18 Haziran 2017 Pazar

Mürşid-i Kâmil // mesnevi // mevlana

Hz. Mevlânâ, mürşid-i kâmilin kişiliği ve sıfatlarını bir başlık altında bizlere bildirir. İlk önce pîri seçip onu Hakk’a götüren yol olarak kabul etmek gerekir. Yine insanın bazen en iyi bildiği yolda bile bir kılavuza ihtiyaç duyabileceğini, durum böyle olunca tehlikeli, tuzak ve felaketlerle dolu yola yalnız çıkmamamızı tembihler. Böyle bir yolculukta nelerle karşılaşacağımızı bilmiyorsak mutlaka yolu bilen bir mürşid bulunmalıdır. Çünkü o seni yay gibi dosdoğru hedefe gönderir. Mürşid-i kâmilin asıl özelliğinin dış görünüşü, saçının ve sakalının ağarması değil, Hakk’a olan nailiyetidir. Onun velâyeti ezeli ve Hakk’a olan yakınlığı benzersizdir. Hz. Mevlânâ onu eşiz bir inciye eşdeğer tutar. [1]

Babam, doğruluk yolunda ki bu amel, bu kazanç, nasıl olur da üstatsız elde edilebilir?

Âlemde en aşağılık sanat bile hiç üstatsız elde edilebilir mi?[2]

Kılavuzsuz yola gidene iki günlük yol, yüz yıllık yol olur.[3]

Hz. Mevlânâ, bizlere gerçek mürşid-i kâmil ile sahte mürşidi ve aralarındaki farkı şöyle açıklar:

“Kötü nedir? Aşağılık ve muhtaç bakır, şeyh kimdir? Ucu, sonu olmayan kimya!

Bakır, kimya yüzünden altın olmak kabiliyetinde değilse kimya, bakır yüzünden bakırlaşmaz ya!

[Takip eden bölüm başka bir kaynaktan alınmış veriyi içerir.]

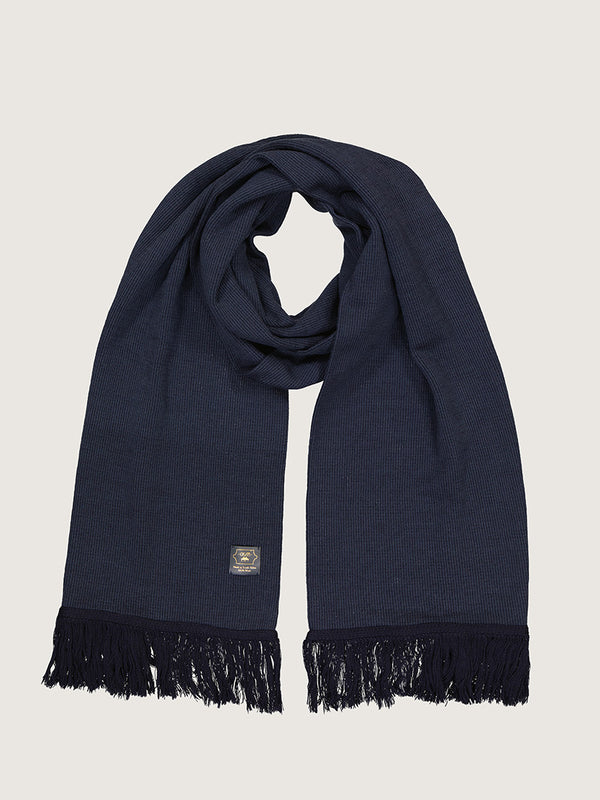 Okapi Fringed Scarf – Navy, 100% Merino Wool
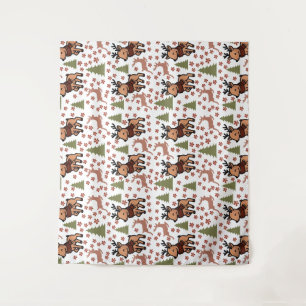 Reindeer cute floral mug tapestry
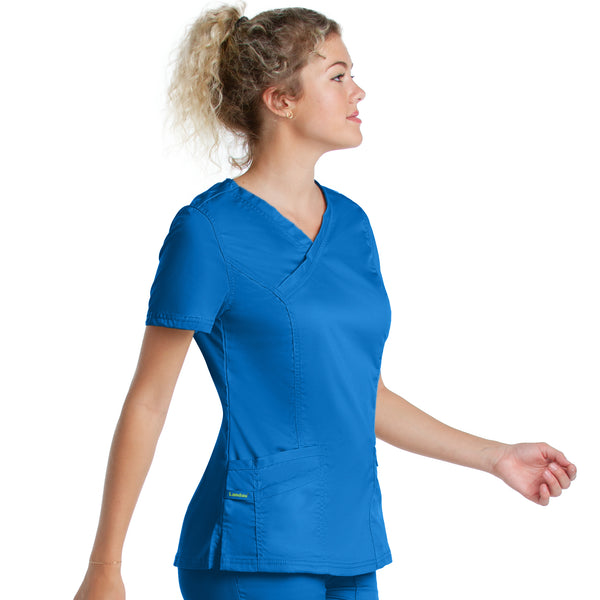 Ladies 3 Pocket Mock Wrap Scrub Top  | TSS Outlet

Kötü nedir? İşi ateş gibi serkeş kişi, şeyh kimdir? Ezel denizinin ta kendisi

Ateşi dâima su ile korkuturlar. Fakat suyu hiç ateşle korkutabilirler mi?[4]

Sense iki üç adım ötesini görmezsin. Taneyi görürsün de tuzağı görmezsin.

Konak, iniş ve yürüyüş yerlerinde hiç körle gözlü bir olur mu?”[5]

Hz. Mevlânâ, Mesnevî’nin ilk hikâyesi olan “Padişah ve Câriye” nin sonlarında nefsi temizlemek hususunda hakiki mürşid-i kâmilin buyruğuna uymanın gerekliliğini belirtir. Mürşid-i kâmilin nefsin her türlü sıfatlarından uzak olduğunu ve yaptıklarının Hızır (as)’da olduğu gibi zâhiren kötü görünse bile aslında Allah’ın ilhamıyla olduğunu belirtir. Ve onun bu yaptıkları karşısında lisanen ve kalben ileri geri konuşmamak gerektiği ikazını yapar. Bu ikazı aslında Peygamber Efendimiz, Hz. Ali’ye yaptığı nasihatinde de dile getiriyor.[6]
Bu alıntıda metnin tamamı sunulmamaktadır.